Raven Leilani. Photo: Nina Subin

Facebook has an internal metric, “violence and incitement trends,” which has seen a 45 percent rise in recent days. The metric has apparently not been previously reported on. Nina Jankowicz, a fellow at the Woodrow Wilson International Center for Scholars, said that she was heartened that Facebook monitors these trends. Still, Jankowicz stressed that it was not nearly enough: “We’re talking about the broader structure of Facebook that incentivizes these communities to organize and foster offline violence. . . . I’m not sure they have a handle on it at all. It’s a structure that they’re relying on to keep people engaged and make money these days.”

The 2020 Kirkus Prize winners have been announced: Raven Leilani has won for fiction, Mychal Denzel Smith has taken home the nonfiction honor, and Derrick Barnes and Gordon C. James were awarded the young-person’s literature prize.

For the London Review of Books, Deborah Friedell watches Fox News.

Well-Read Black Girl, a nonprofit writing and reading community founded in 2015 by Glory Edim, is in the midst of its annual festival. Some of the virtual panels on offer this weekend include Kimberly Rose Drew and Jenna Wortham discussing their forthcoming collaborative book, authors Morgan Jerkins and Kaitlin Greenidge in conversation on the Great Migration, and a tribute and keynote conversation with poet Nikki Giovanni.

Bookshop.org launched its UK retail platform on Monday, and raised £12,500 on that day alone. In the United States, the site has raised over $7.5 million, which has been shared among 900 bookstores.

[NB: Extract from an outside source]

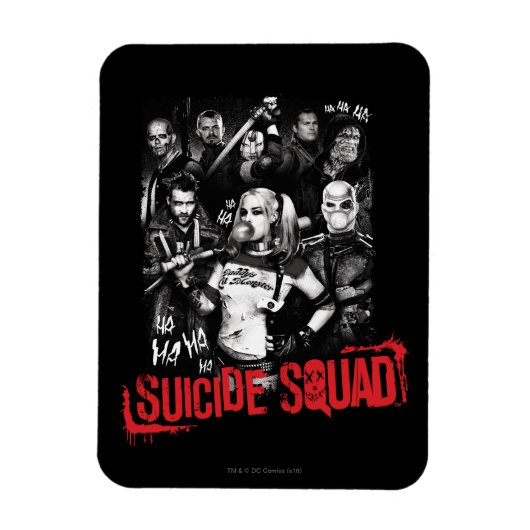 Suicide Squad | Foto van Grunge Group Magneet (Verticaal)
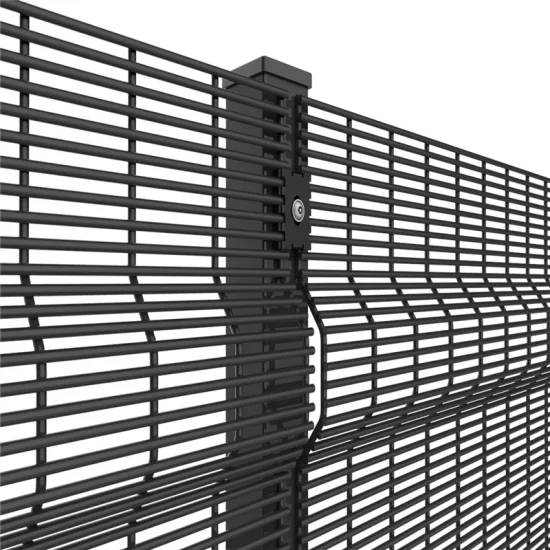 Wholesale 358 Fence 32mm Dra Anti Climb Steel Fence Panel Metal Security Fencing PVC Clear View Fence for Airport Mili-Tary Factory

Today’s “preponderance of the mystical, the miraculous, and the conspiratorial may seem at odds with our supposedly rational, modern democracy,” writes Samuel Clowes Huneke at the Boston Review. But Monica Black’s A Demon-Haunted Land argues that “florid eruptions of mystical thinking often accompany periods of extreme political upheaval,” by studying Nazi crimes and withcraft allegations in postwar West Germany and drawing comparisons to the magical thinking of contemporary Americans.

Tonight at 5 PM EST, Haymarket Books hosts Astra Taylor, Naomi Klein, and Keeanga-Yamahtta Taylor discussing the aftermath of the US presidential election.